Investigating Image Manifolds of 3D Objects: Learning, Shape Analysis, and Comparisons
Benjamin Beaudett, Shenyuan Liang, Anuj Srivastava
TL;DR
This work addresses how image manifolds generated by varying pose and illumination of 3D objects are structured in high-dimensional image spaces. It introduces a geometry-preserving framework using Multidimensional Scaling to embed pose and illumination manifolds into low-dimensional latent spaces, and employs Kendall's shape analysis to compare manifold shapes while factoring out rigid transformations and scaling. The key contributions include demonstrating the nonlinearity of pose manifolds, establishing a shape-distance metric for cross-object comparison, and revealing that objects of the same class tend to cluster in latent-shape space; the approach is validated through simulation and extensive experiments across SO(2), $\mathbb{T}^2$, $SO(3)$, and illumination manifolds. The findings offer insights for geometry-driven learning, manifold deformation, and potential applications in clustering, transfer learning, and invertible latent-space modeling with methods like GP-StyleGAN2.
Abstract
Despite high-dimensionality of images, the sets of images of 3D objects have long been hypothesized to form low-dimensional manifolds.
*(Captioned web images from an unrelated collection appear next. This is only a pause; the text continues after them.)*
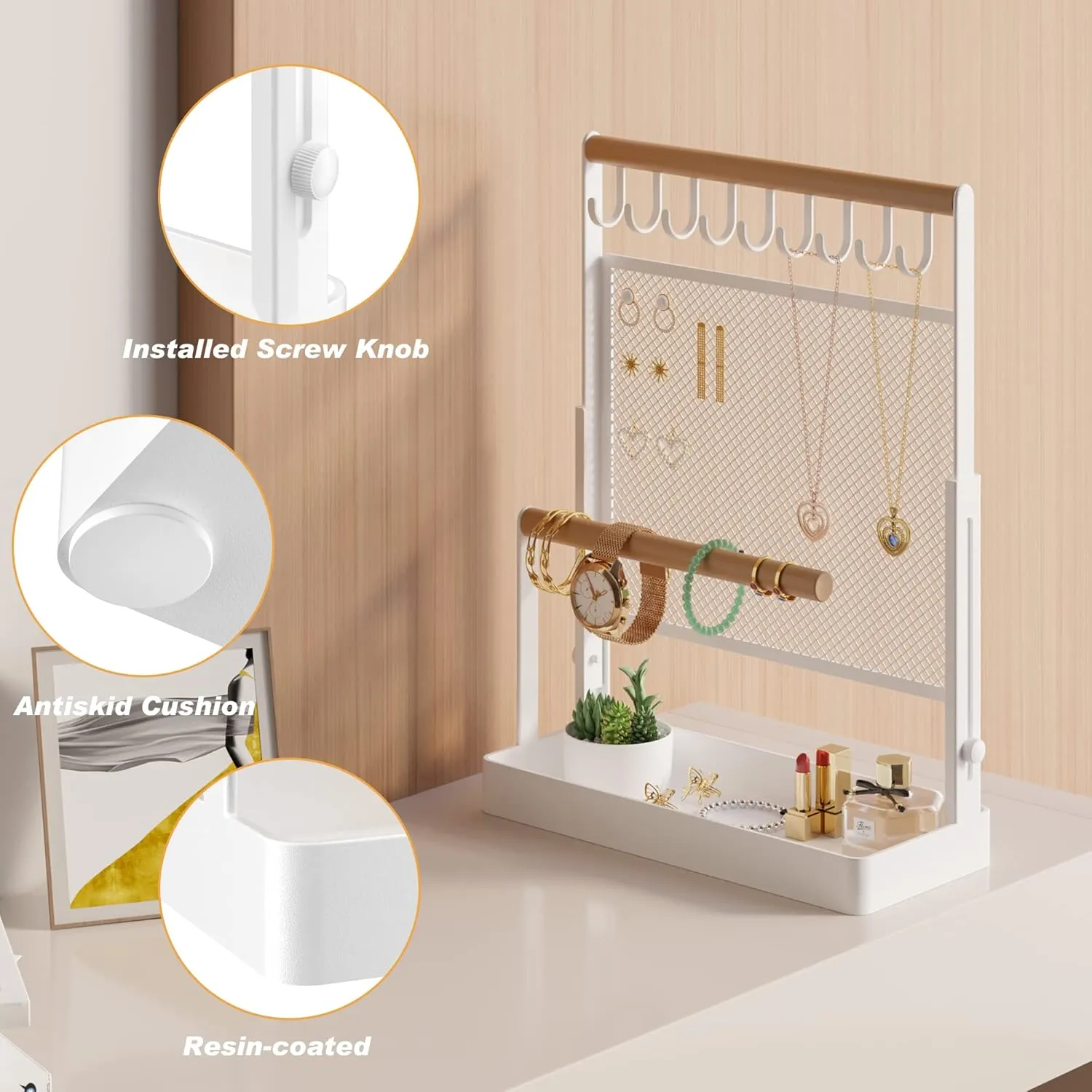 Jewelry Organizer Stand, Liftable Necklace Holder with Earring Organizer Net, 9 Hooks Necklaces Storage Wooden Handing Bar for Bracelets Watches Rings (White)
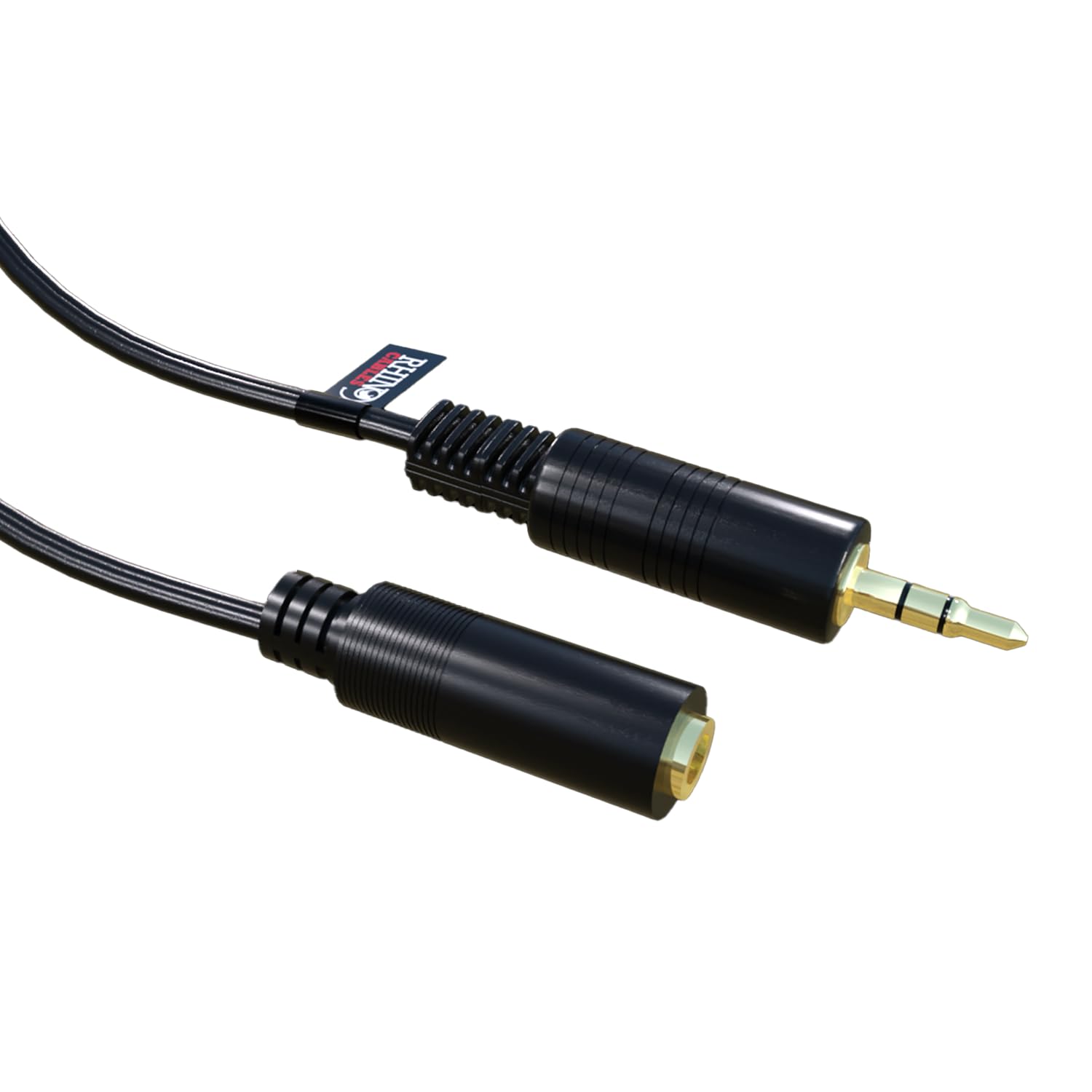 rhinocables Gold 3.5mm Aux Extension Lead – Male to Female Stereo Jack Cable for Headphones, Smartphones, iPads, Laptops & Car Audio | Shielded, Tangle-Resistant Design (Black, 15m)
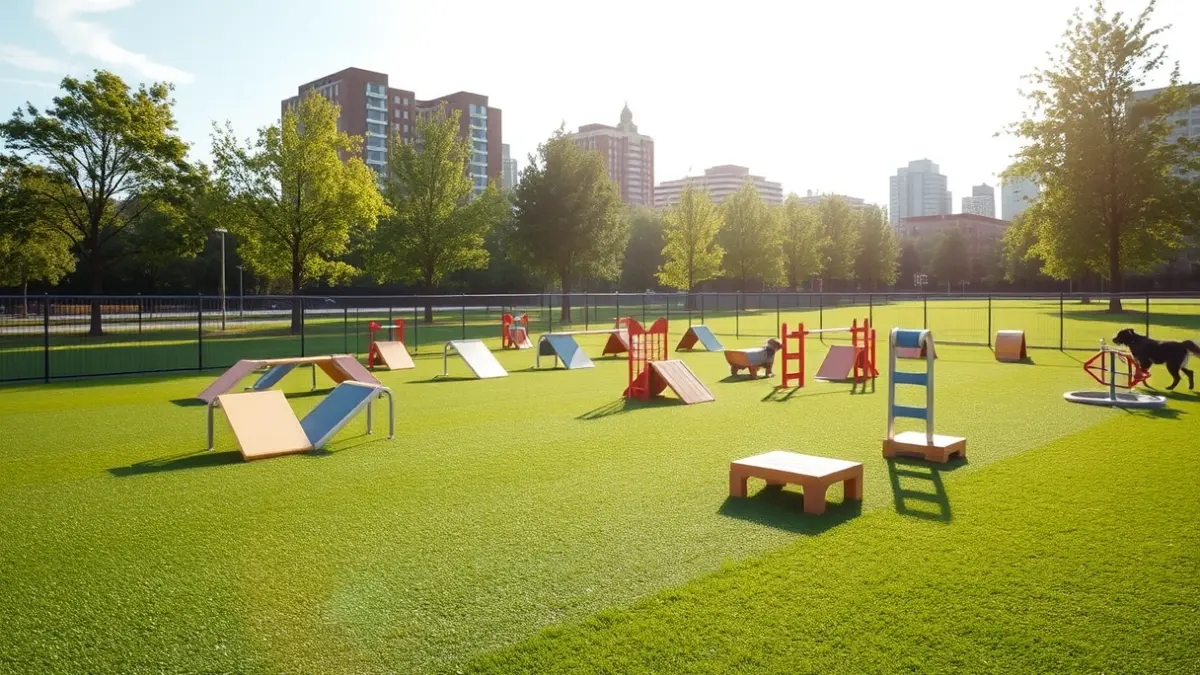 Imaxe xenérica dun parque canino con obstáculos de adestramento.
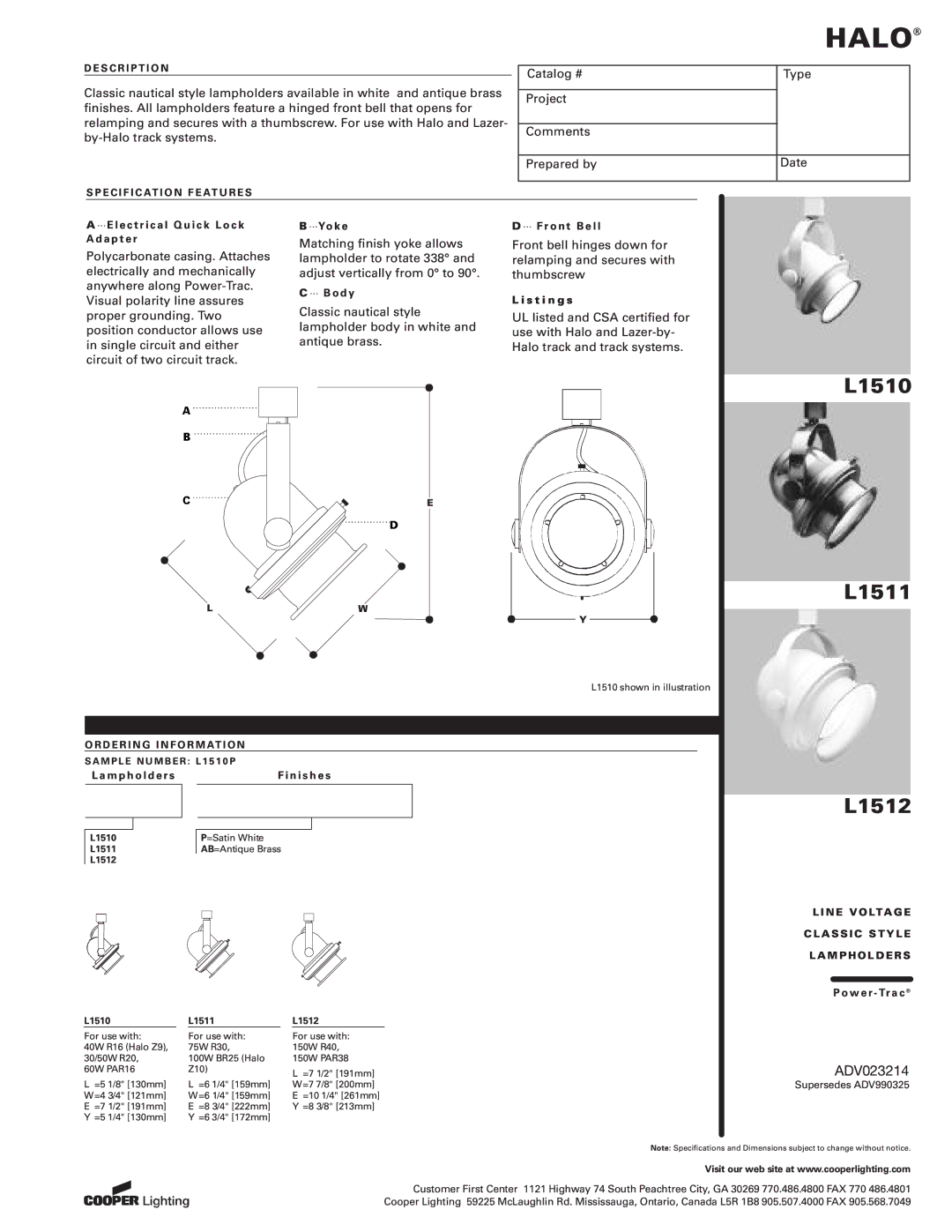 Cooper Lighting L1510, L1512, L1511 manual , ,  ,  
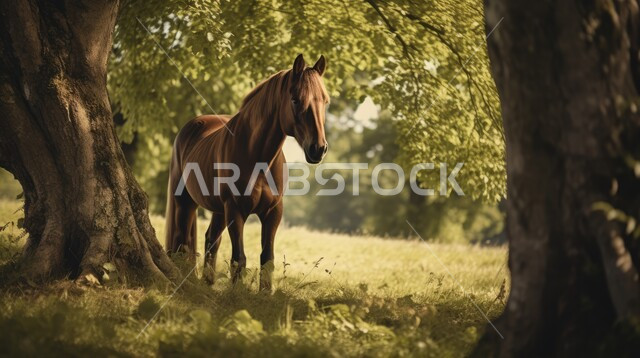 تربية وتدريب وترويض الخيول، توارث حب الخيول من الأجداد إلى الأحفاد، العناية والاهتمام بالجياد، حصان يقف داخل مزرعة، شغف الفروسية ومهارة ركوب الخيل، المحميات الطبيعية في المملكة العربية السعودية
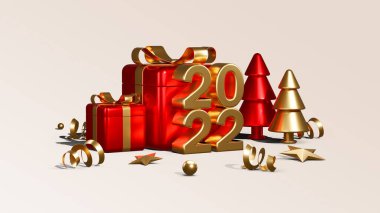 Üç boyutlu görüntüleme. Mutlu yıllar ve Noel arkaplanı gerçekçi canlandırması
What is the nature of such manifolds? How do they differ across objects and object classes? Answering these questions can provide key insights in explaining and advancing success of machine learning algorithms in computer vision. This paper investigates dual tasks -- learning and analyzing shapes of image manifolds -- by revisiting a classical problem of manifold learning but from a novel geometrical perspective. It uses geometry-preserving transformations to map the pose image manifolds, sets of images formed by rotating 3D objects, to low-dimensional latent spaces. The pose manifolds of different objects in latent spaces are found to be nonlinear, smooth manifolds. The paper then compares shapes of these manifolds for different objects using Kendall's shape analysis, modulo rigid motions and global scaling, and clusters objects according to these shape metrics. Interestingly, pose manifolds for objects from the same classes are frequently clustered together. The geometries of image manifolds can be exploited to simplify vision and image processing tasks, to predict performances, and to provide insights into learning methods.